The City is in the midst of developing a 25-year Transportation Master Plan, and information about the plan can be found on Courtenay’s website, www.courtenay.ca, along with an electronic survey for Comox Valley residents to fill out. The deadline to complete the survey is Nov. 13.
Representatives from O2 Planning and Design and Morrison Hershfield updated Courtenay council on the process so far during Monday’s council meeting.
The project started in August and is expected to be completed by January or February. O2 Planning and Design’s Andrew Palmiere noted the project is in the visioning stage right now, and it’s important the City prepares for future growth.
The “City of Courtenay is growing, you know, by 2037 we’ll be moving from 24,000 up to about 42,000 people, and how we accommodate those people and how you provide different opportunities for transportation and transit, are going to be absolutely critical,” he told council.
According to a City staff report, “the visionary framework has been guided by the Official Community Plan which calls for a strong orientation to multi-modal transportation options.”
Palmiere spoke about an idea of “complete streets” which would put wide roadways “on a diet” and use that space on the sides of the roads to help manage traffic flows and provide areas for alternative modes of transportation, like biking.
“You’re still able to accommodate all the vehicles that you need to but you put those carriageways, like I said, on a diet, and you’ve started to think about other opportunities within that space, and it starts to become a pretty amazing place pretty quickly,” he added.
Mayor Larry Jangula said he was somewhat disappointed with the presentation because he didn’t see enough information about traffic flow.
“You seemed to talk about bicycles and walking and that sort of thing. We’ve done a lot of work on that, we’ve spent a lot of money, proportionally I think, of taxpayers’ money, on the bicycle routes and walking. I’m not saying they’re not good things. Ninety-five per cent of the transportation in this community is still by private vehicle,” he said, adding he wants to see information on the potential of a third crossing over the Courtenay River and the viability of a circle road around the city, among other things.

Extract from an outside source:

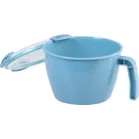 Ételhordók MagicHome, fogantyúval  0,9 lit., 16,8x13,8x10,4 cm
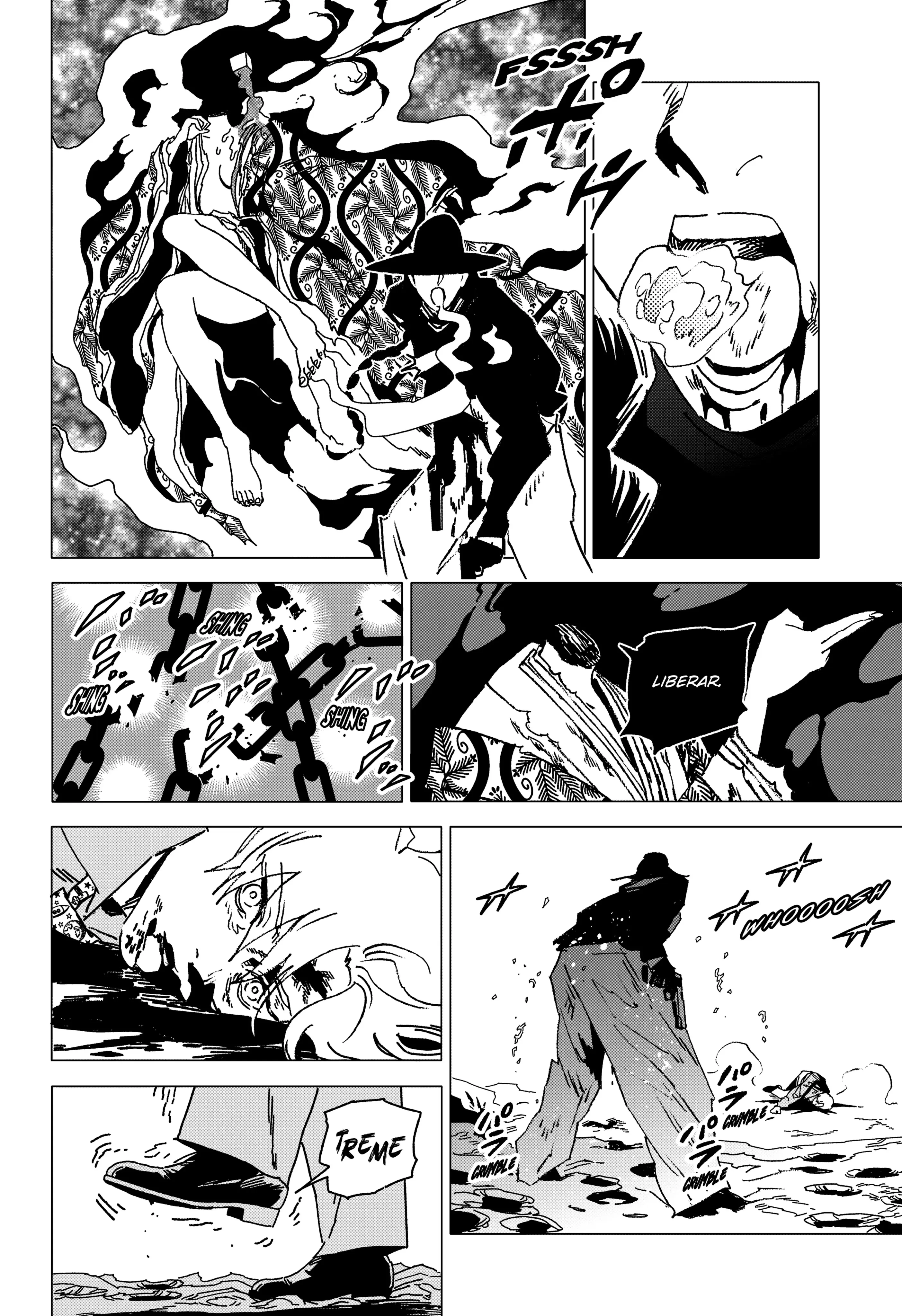 Ghost Fixers Capítulo 86 Página 6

“We’ve beat this other one to death quite frankly, and due to our aging population, due to our weather today, we’re not going to get people riding bikes every day of the year.”
Palmiere responded that Monday’s report was a “higher level” vision, and the traffic analysis part of the project hasn’t been completed yet. He told council things like the viability of a third river crossing and traffic flows will be looked at.
Coun. Doug Hillian said he was pleased with the presentation.
“I don’t hear anything in your visioning that suggests we’re not going to do our best to accommodate automobiles. I think that’s the reality, but what I hear you talking about is ensuring that we’re providing an infrastructure that will encourage the alternatives,” he said.
Coun. Ronna-Rae Leonard echoed Hillian’s opinion.
“I think what you’re talking about is trying to shift us so that we are dealing with a different world order,” she said. “We’re dealing with reducing greenhouse gasses, we are creating complete streets which have a place for everybody.”
Coun. Starr Winchester pointed out she’s proud of the City’s advances in cycling and walking infrastructure. She also echoed the Mayor’s concerns and said she “can’t emphasize enough the importance of the automobile in this community,” and she would like to see some “more realistic data” in the next report.
An update to council is expected next month.
A public open house happened earlier this week and another will be scheduled in January.